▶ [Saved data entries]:
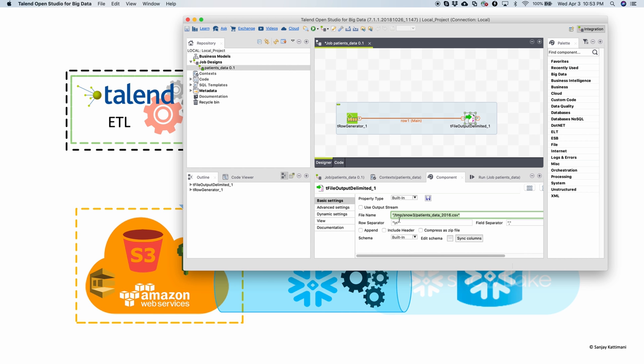I send this data into a CSV file. Let's look at its properties. So it is sending it to temp Snow3 folder and the file name will be patientsData2016.csv. So let's make it 2019 as I had the 19 data and run this.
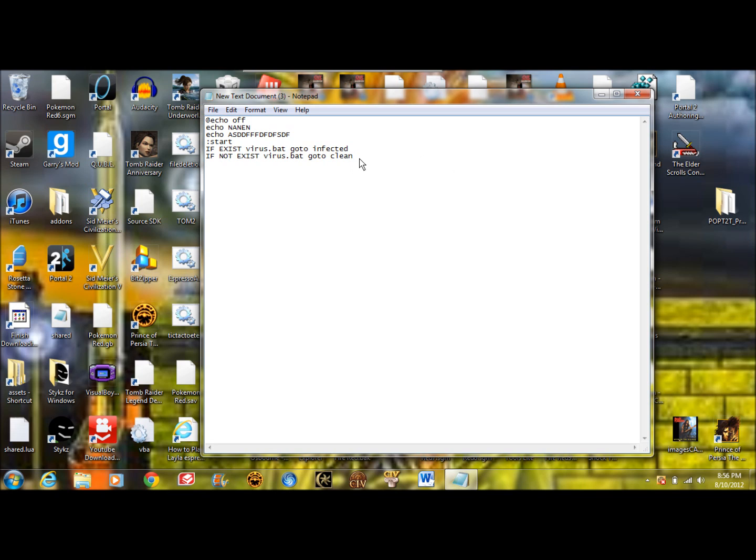Alright, so let's make the other locations. Let's start off with infected. So infected, we'll just put virus detected. Or no, echo. Or whatever you want to put here.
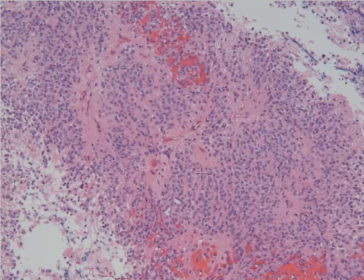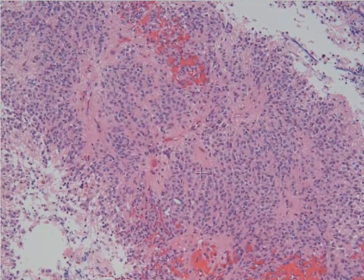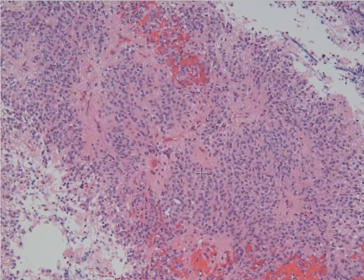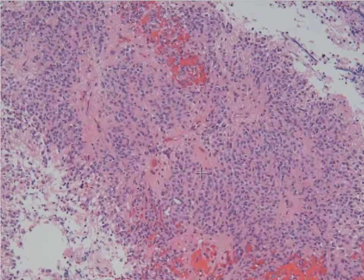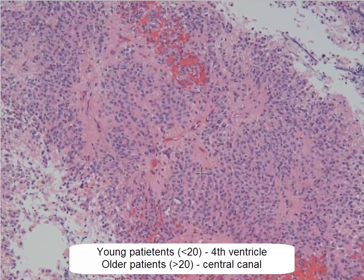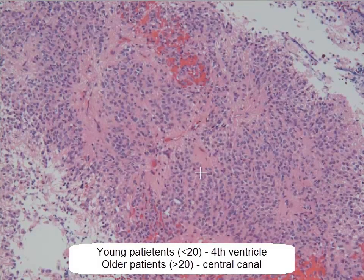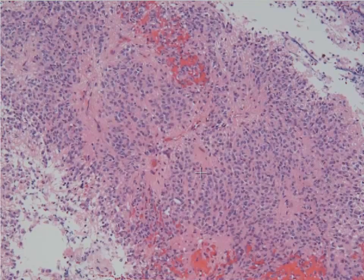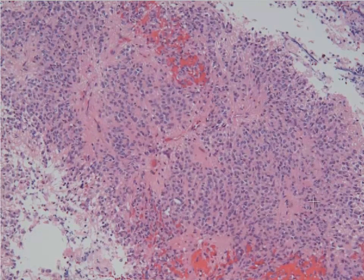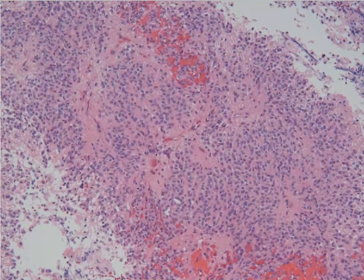Ependymomas occur in the ependymal-lined ventricular system. In young patients, they're going to happen usually in the cerebellar area, and in older patients, they're going to happen mainly in the spinal cord. This is a great example of an ependymoma in an older patient, so this one would most likely be located in the spinal cord.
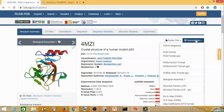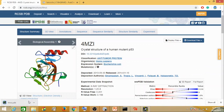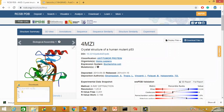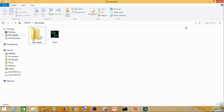I go to download files and click on PDB. You will see it here. Then in the downloads you will see your 4MZI PDB file being downloaded. Now this is your protein.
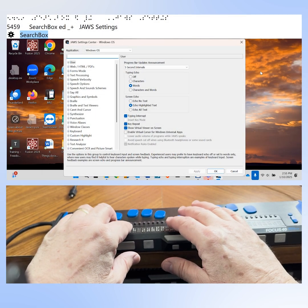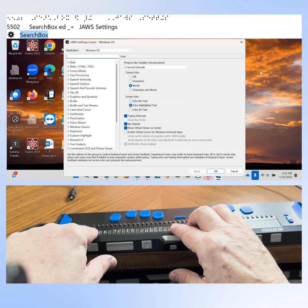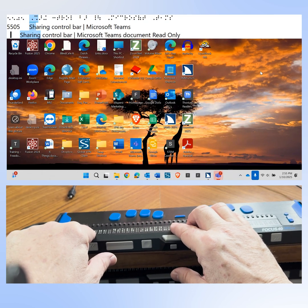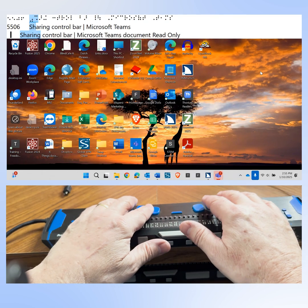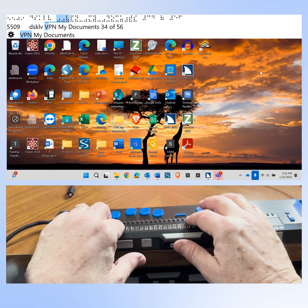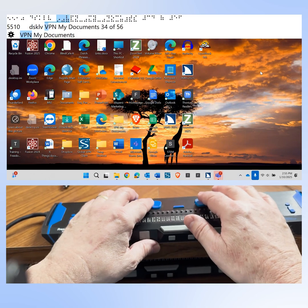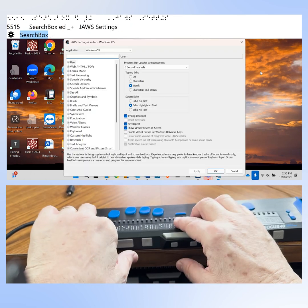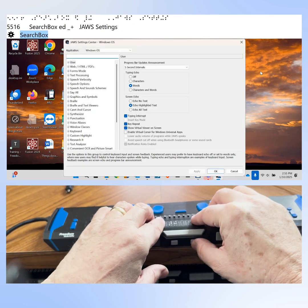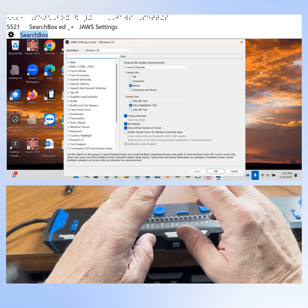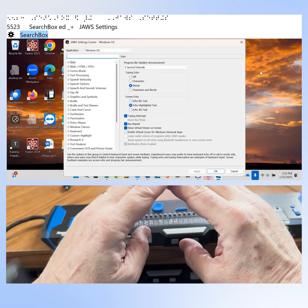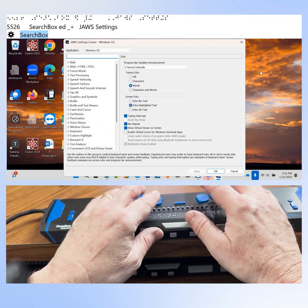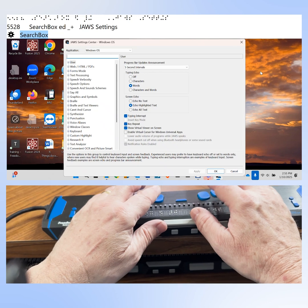On my computer right now, JAWS is set to display status cells at the left end of my braille display. I'm going to show you how to turn that off. The first thing we need to do is go into JAWS Settings Center. You're going to press Insert and Number Row 6. We want to set the Settings Center so that all of your changes are applied globally. We're going to press Control Shift D.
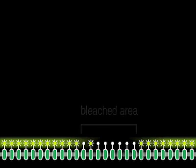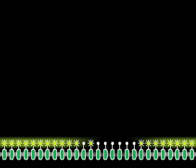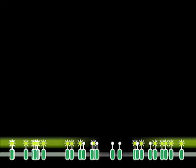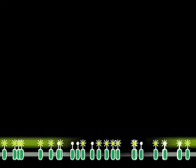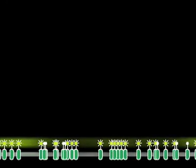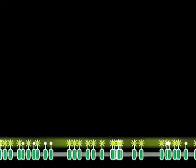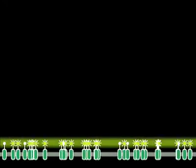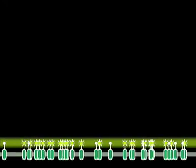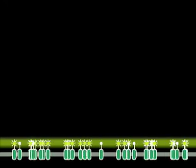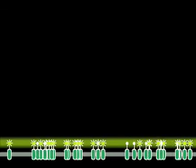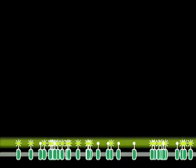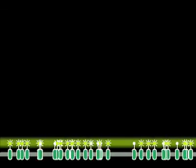Those membrane proteins that are not anchored, and therefore can diffuse in the plane of the membrane, quickly exchange places with their neighbors and fill back in the bleached area. From the rate of this fluorescence recovery, the diffusion constant of the protein can be calculated.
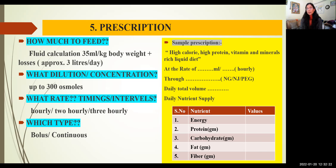This is a sample prescription I use at my center. The principle of diet will be high-calorie, high-protein, vitamin and mineral-rich liquid diet — for example, at a rate of 100 ml per 2-hourly via nasogastric tube. The total volume given per day, along with the daily nutrient supply, includes energy, protein, carbohydrate, fat, and fiber calculations.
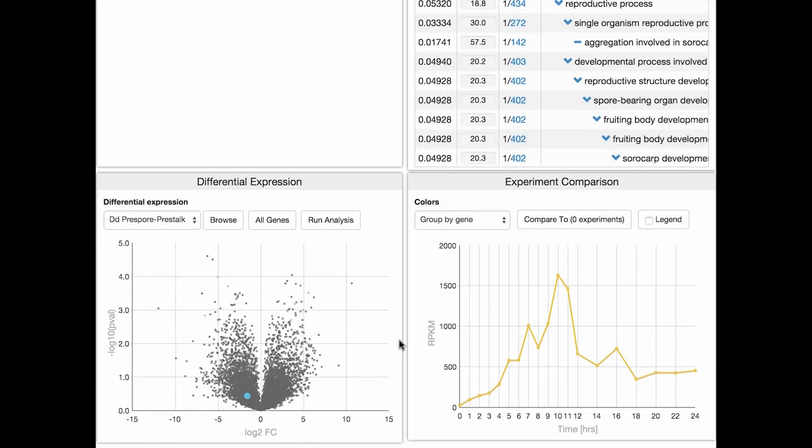Differentially expressed genes are visualized in a Volcano plot. We can see here the CARA1 gene marked. In the Volcano plot, the X-axis measures the fold change in gene expression.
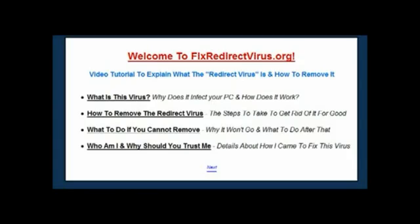Thanks for watching and I'm going to help you right now. Welcome to FixRedirectVirus.org. In this video I want to explain exactly what the redirect virus is and how you can remove it from your PC in the most effective and reliable way possible.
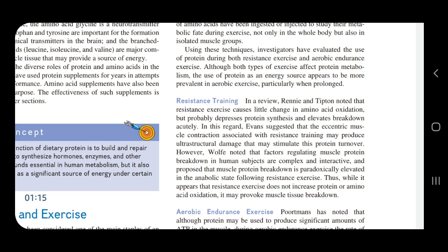Resistance exercise causes very little change in amino acid oxidation, but it probably depresses protein synthesis and elevates breakdown acutely. Oxidation does not play a major role, but what resistance training does is increase protein breakdown and depress synthesis. It has even been suggested that eccentric muscle contractions associated with resistance training may produce ultrastructural damage that stimulates protein turnover — that is, the breakdown increases.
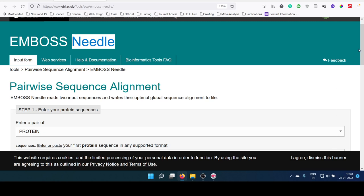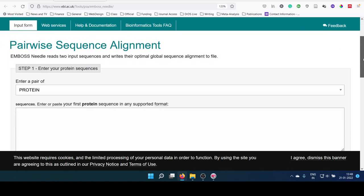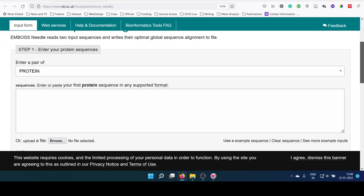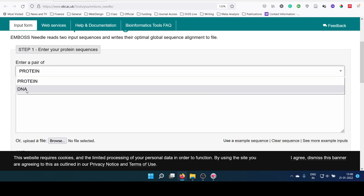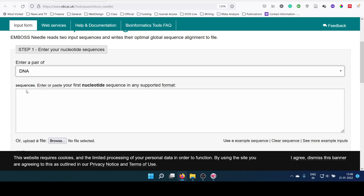When we see this page, there is an option to select whether you are trying to align protein or DNA. If your sequence is DNA, you have to select DNA. If you are selecting protein and giving a nucleotide input, then it will not be supported. Proper selection of the nature of the sequence should be done initially. If you are giving an input sequence as DNA, then select it as DNA.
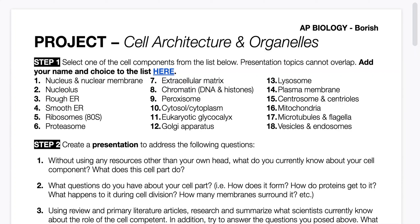Hi guys. For this new unit we're going to spend some time talking about cells. One way I'd like to start the unit is by doing a project on cell architecture and organelles.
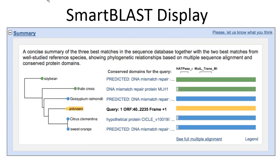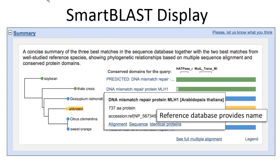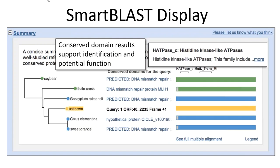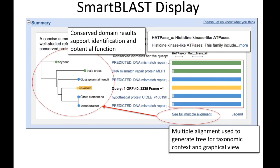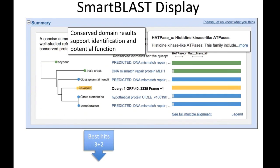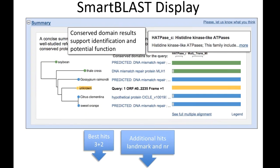We have a bunch of other plants, providing taxonomic context. It gives me the conserved domains — you can see the things I would expect for the MLH1 protein. The graphical overview shows the full-length relationships among those proteins: the name from the reference database, the conserved domain results, and the multiple alignment used to generate these graphical views. We also have the traditional BLAST report below with three hits from NR and two from the landmark database, plus additional saved hits.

▶ [PROBLEM DETAILS]:
Please transcribe, word for word, every line from the first line of the records above through the line containing "Alright, so let's", and leave out any pictures.

▶ [RESPONSE]:
I send this data into a CSV file. Let's look at its properties. So it is sending it to temp Snow3 folder and the file name will be patientsData2016.csv. So let's make it 2019 as I had the 19 data and run this.
Alright, so let's make the other locations. Let's start off with infected. So infected, we'll just put virus detected. Or no, echo. Or whatever you want to put here.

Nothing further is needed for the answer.